(Pictures with short captions)
#####

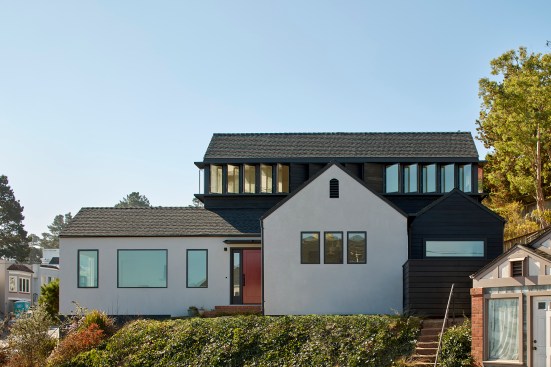The torqued Z-shaped second story addition to this San Francisco residence capitalizes on the project’s hilly site and views.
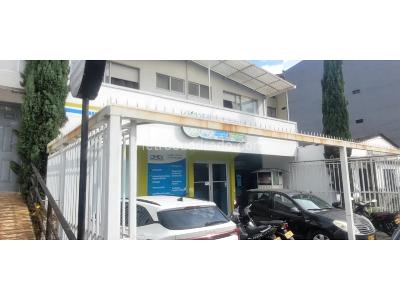 Casa de 5 alcobas en venta en Cll 5norte, Armenia, 557 m² · foto 2 de 19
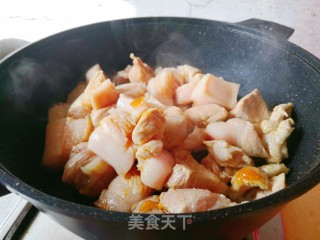 红烧肉炖蛋步骤5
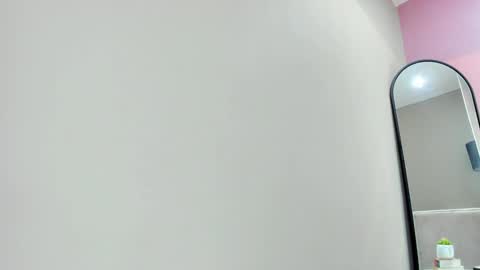 Snapshot of renataruiz_rr chatting on 01-24-25, 06:14 online show from 01-24-25, 06:14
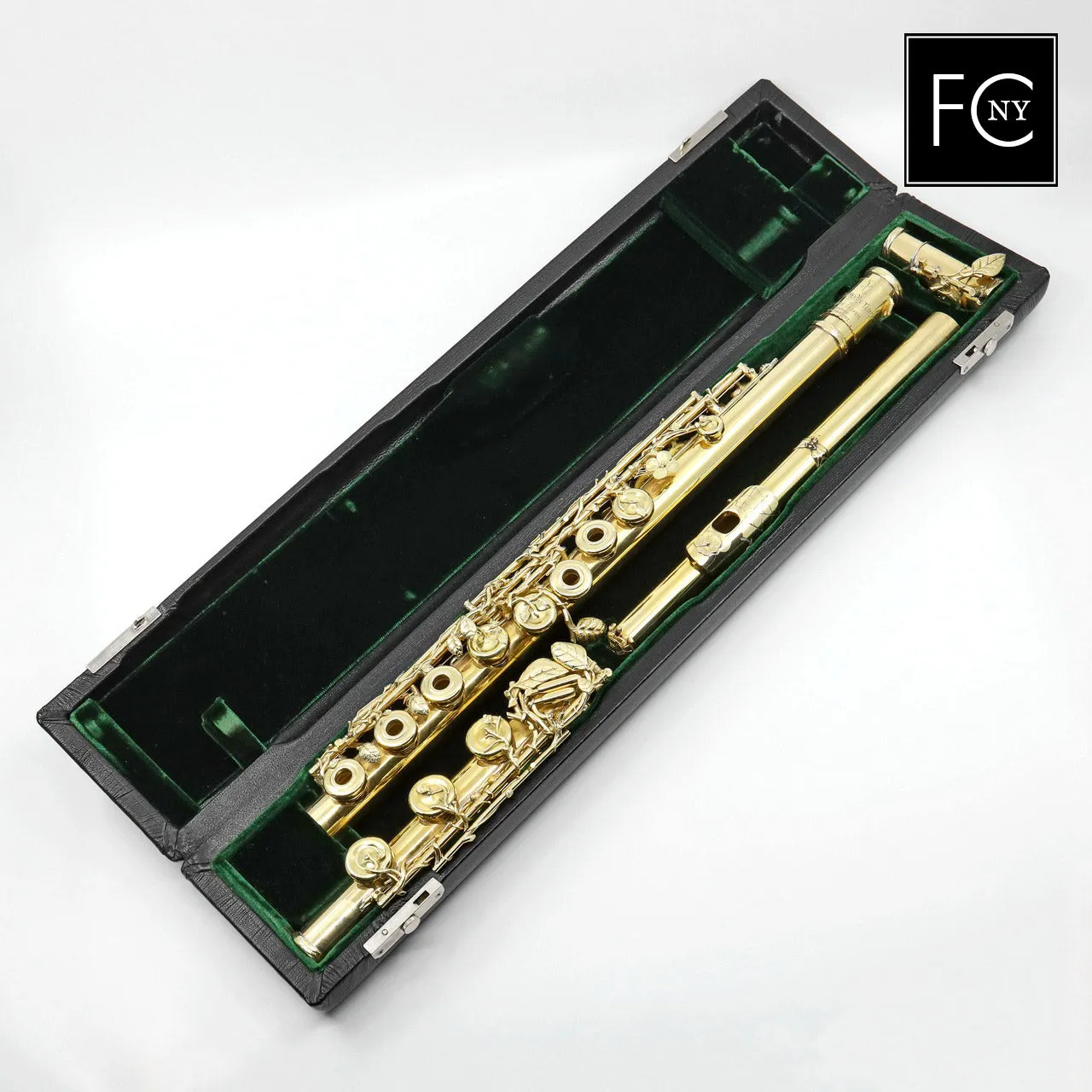 John Lunn "The Dryad's Touch" - 18K green gold flute, specialty engraving, offset G, D/B footjoint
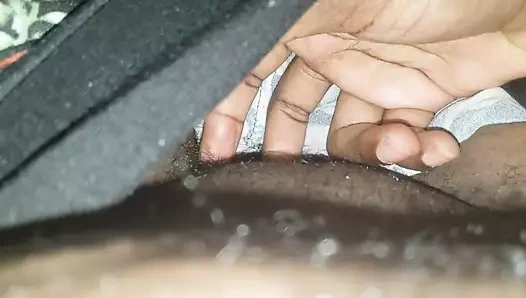 Tıraşlı amcığımı ovuyor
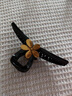 YIZUN. CHOMEL黑色亞克力盤(pán)發(fā)花朵抓夾大號鯊魚(yú)夾簡(jiǎn)約發(fā)夾女后腦勺高級感發(fā)飾 黑色-花朵 曬單實(shí)拍圖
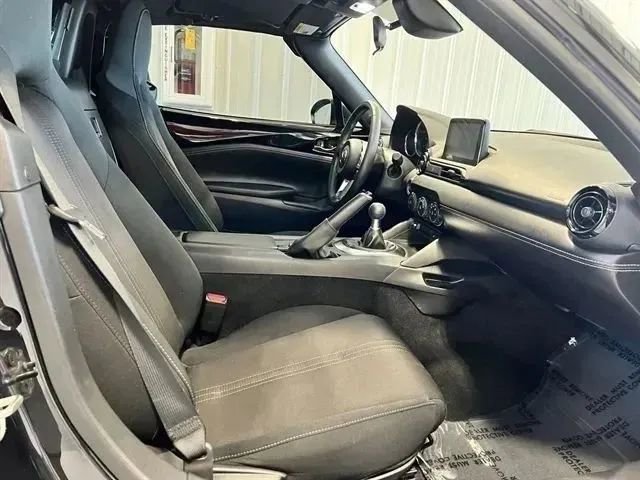 Used 2021 MAZDA MX-5 Miata RF Club RWD image 23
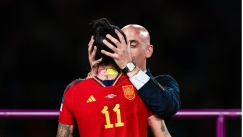 Ο Ρουμπιάλες κατηγορείται ότι φίλησε «βίαια» παίκτρια της Αγγλίας μετά τον τελικό του Μουντιάλ!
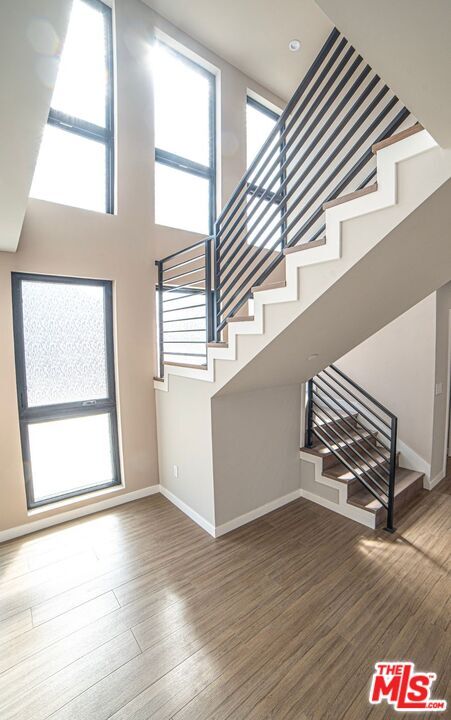 Building Photo - 9900 Laurel Canyon Blvd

#####

YOUR GOAL:
Reproduce the entries exactly. Do not carry over any picture.

YOUR SOLUTION:
The torqued Z-shaped second story addition to this San Francisco residence capitalizes on the project’s hilly site and views.
 Casa de 5 alcobas en venta en Cll 5norte, Armenia, 557 m² · foto 2 de 19
 红烧肉炖蛋步骤5
 Snapshot of renataruiz_rr chatting on 01-24-25, 06:14 online show from 01-24-25, 06:14
 John Lunn "The Dryad's Touch" - 18K green gold flute, specialty engraving, offset G, D/B footjoint
 Tıraşlı amcığımı ovuyor
 YIZUN. CHOMEL黑色亞克力盤(pán)發(fā)花朵抓夾大號鯊魚(yú)夾簡(jiǎn)約發(fā)夾女后腦勺高級感發(fā)飾 黑色-花朵 曬單實(shí)拍圖
 Used 2021 MAZDA MX-5 Miata RF Club RWD image 23
 Ο Ρουμπιάλες κατηγορείται ότι φίλησε «βίαια» παίκτρια της Αγγλίας μετά τον τελικό του Μουντιάλ!
 Building Photo - 9900 Laurel Canyon Blvd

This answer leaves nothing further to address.